─── MATERIAL SHOWN ───
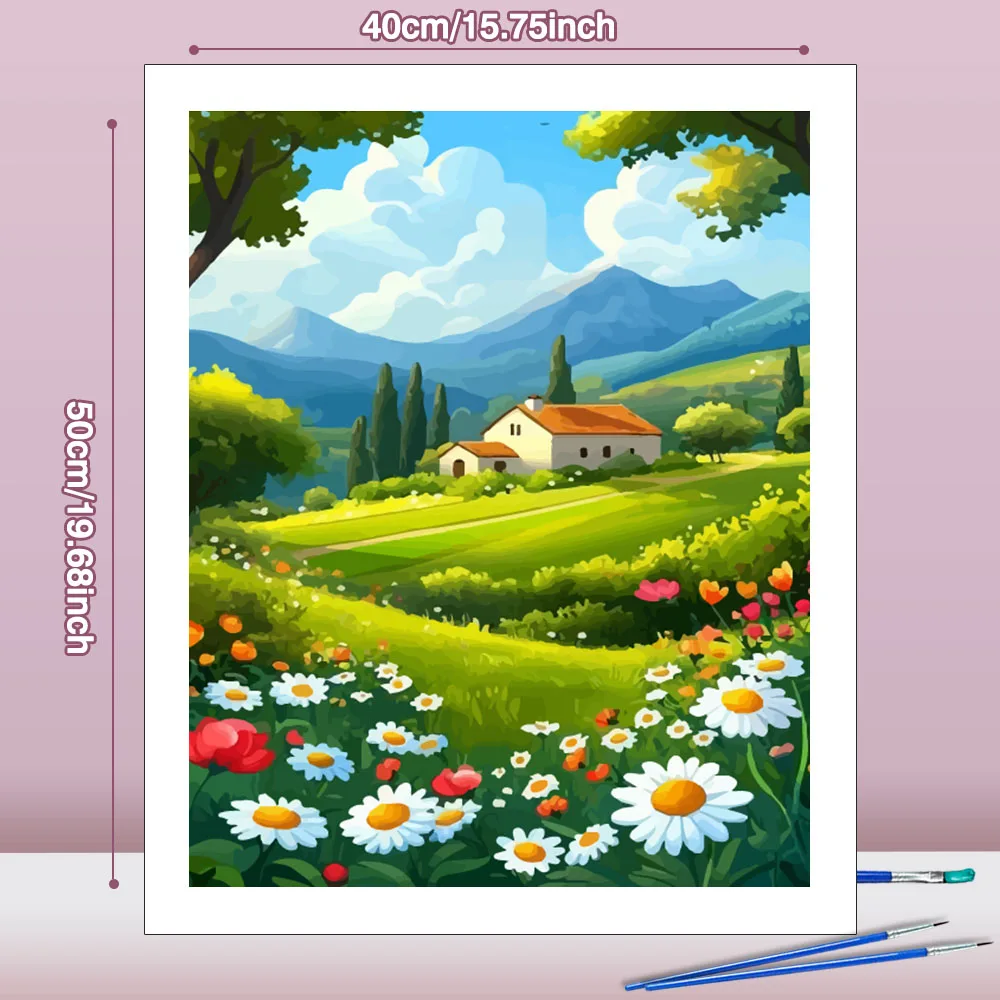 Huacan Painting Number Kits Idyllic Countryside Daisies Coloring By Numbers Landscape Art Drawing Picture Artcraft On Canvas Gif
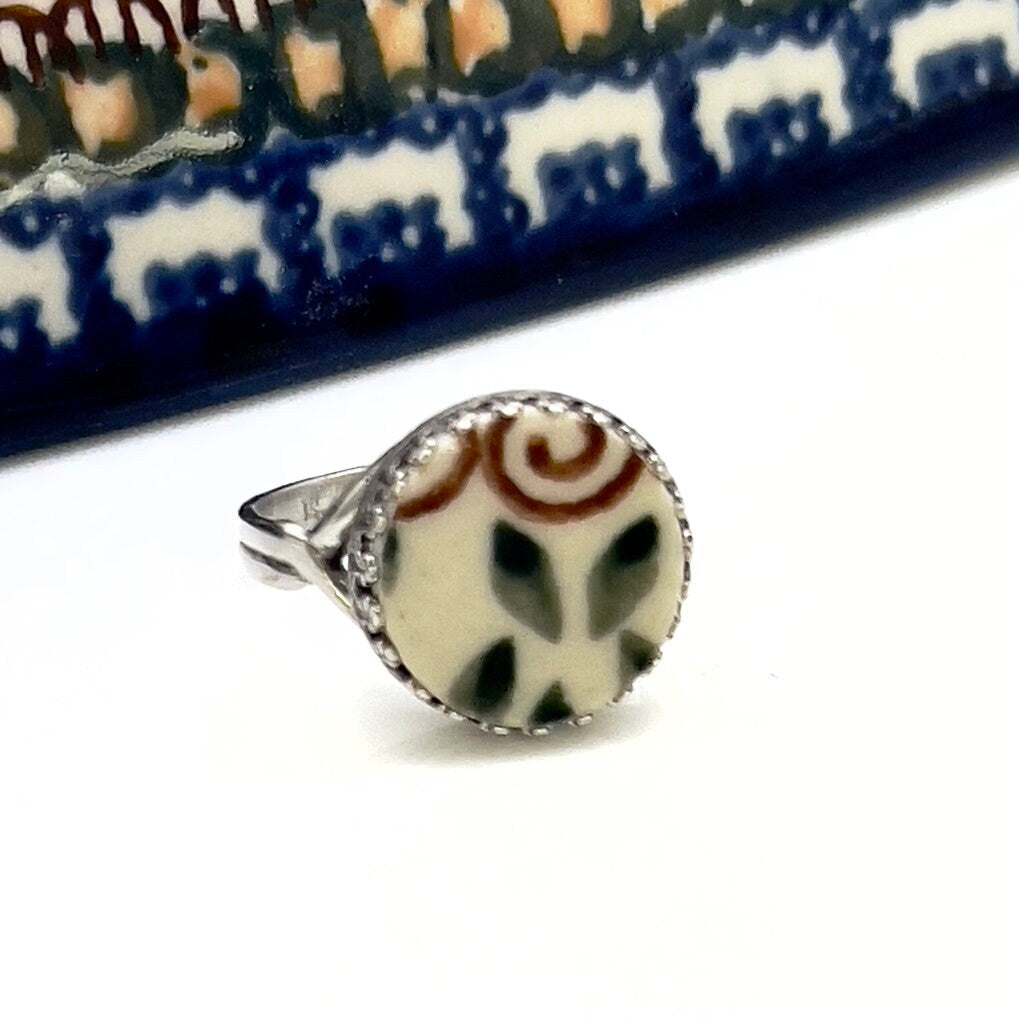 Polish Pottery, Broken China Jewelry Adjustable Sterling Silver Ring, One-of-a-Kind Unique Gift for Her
───
─── MATERIAL SHOWN ───
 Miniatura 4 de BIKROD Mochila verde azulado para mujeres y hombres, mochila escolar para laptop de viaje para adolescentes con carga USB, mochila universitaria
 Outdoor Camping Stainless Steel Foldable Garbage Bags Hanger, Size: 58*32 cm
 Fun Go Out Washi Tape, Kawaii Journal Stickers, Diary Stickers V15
───
Reproduce exactly, and only, the part of the listing above that begins at the line with "Miniatura 4 de" and goes on through the line with "Fun Go Out Washi".

> [SOLUTION TO THE EXERCISE]:
 Miniatura 4 de BIKROD Mochila verde azulado para mujeres y hombres, mochila escolar para laptop de viaje para adolescentes con carga USB, mochila universitaria
 Outdoor Camping Stainless Steel Foldable Garbage Bags Hanger, Size: 58*32 cm
 Fun Go Out Washi Tape, Kawaii Journal Stickers, Diary Stickers V15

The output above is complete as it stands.